Focal dermal hypoplasia syndrome

Focal dermal hypoplasia syndrome is also known as Goltz syndrome, and is named confusingly similar to Gorlin-Goltz syndrome.

A rare disorder that follows X-linked dominant inheritance pattern. More commonly seen in males than female. Worldwide only 200-300 cases have been reported. Patients usually present at birth. 

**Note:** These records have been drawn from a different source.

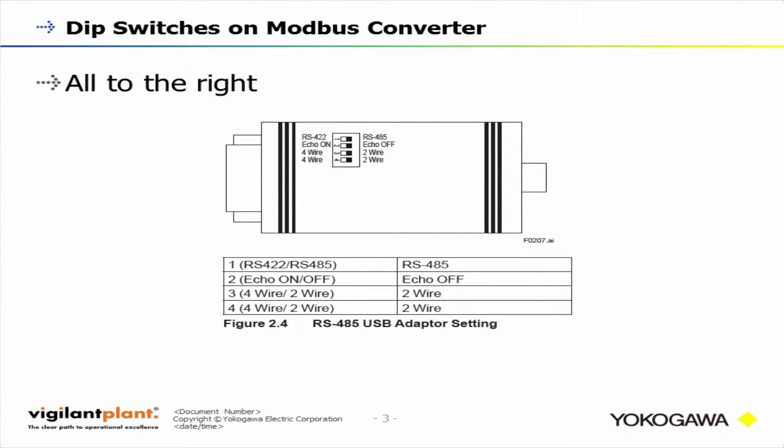This Modbus converter on the back side has a few dip switches that you have to set correctly in order to connect correctly. All of them are set to the right, because we have an RS-485 transmitter and it's a two-wire device.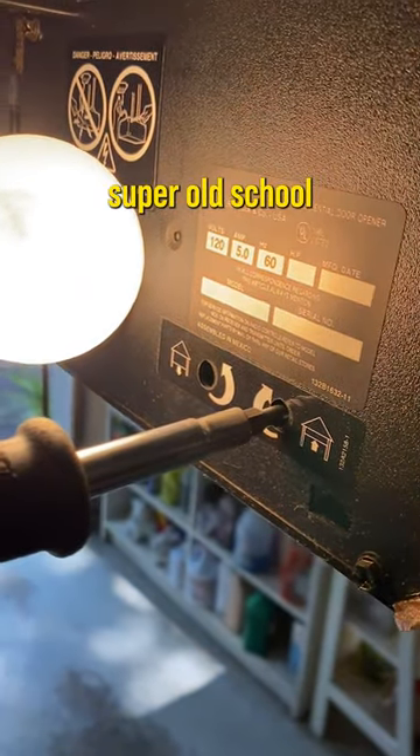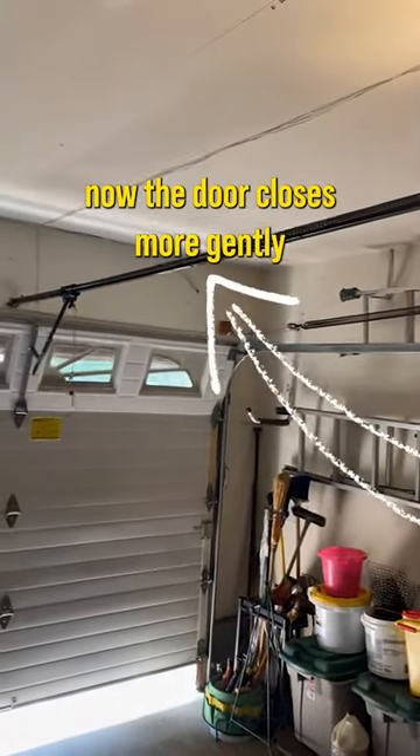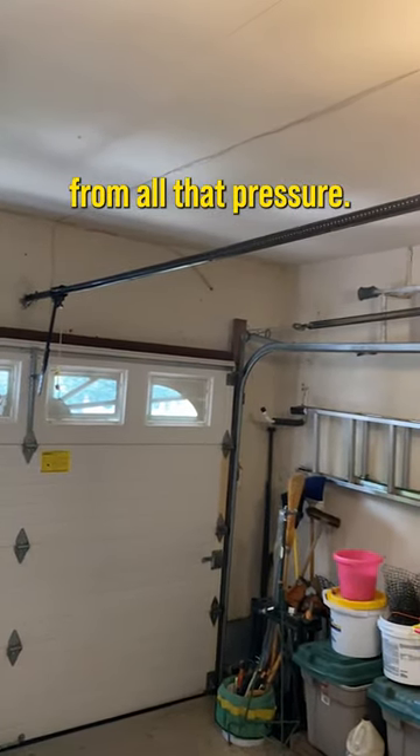On these super old school openers, you have to use a screwdriver to fix this. On newer ones, there's actually a button. And now the door closes more gently, the chain is no longer sagging, and the rail doesn't bow from all that pressure.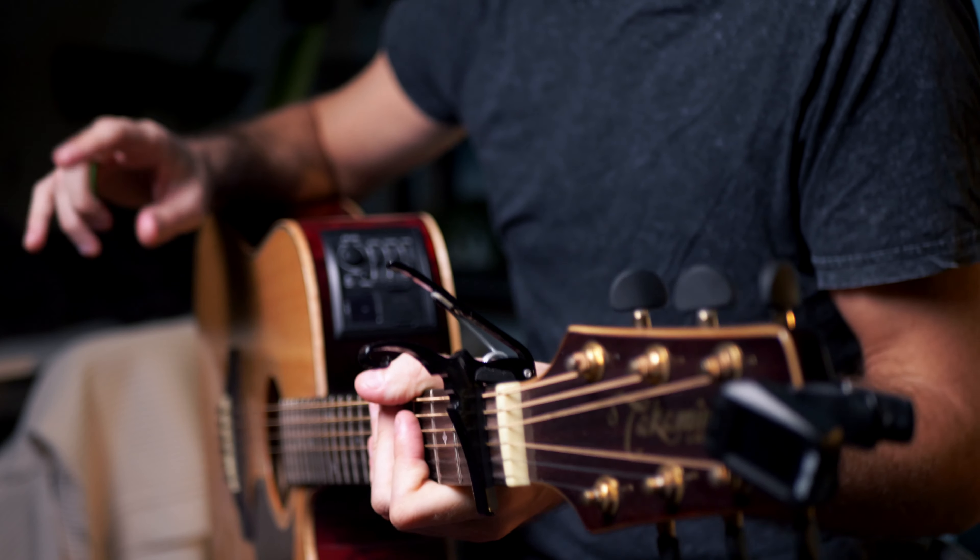Hey guys, welcome back to the channel. Today we are looking at the new song from Ariana Grande and Justin Bieber, 'Stuck With You.' Right before I jump into the tutorial, let me know in the comments what you want to see for future guitar tutorials, and please consider subscribing to the channel if you find this content helpful. Let's jump right into the tutorial.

  • cutaneous manifestations: hypopigmented or hyperpigmentated lesions can occur anywhere on the body.
    • fatty hernia-like outpouchings of skin, an exclusive feature of the goltz syndrome 
    • ulcerations can occur due to absence of dermal layers
  • skeletal manifestations: syndyctaly, osteopathia striata, multiple bone hypoplasias
  • facial asymmetry with ocular manifestations like coloboma, irregular pupils, aniridia, heterochromia, etc
  • cardiovascular manifestations: anamolous pulmonary venous drainage
  • gastrointestinal manifestations: malrotation, diaphragmatic hernia, omphalocoele
  • genitourinary manifestations: horseshoe kidney, renal agenesis

Mainly due to a mutation in the PORCN gene located on the X chromosome on locus p11.23.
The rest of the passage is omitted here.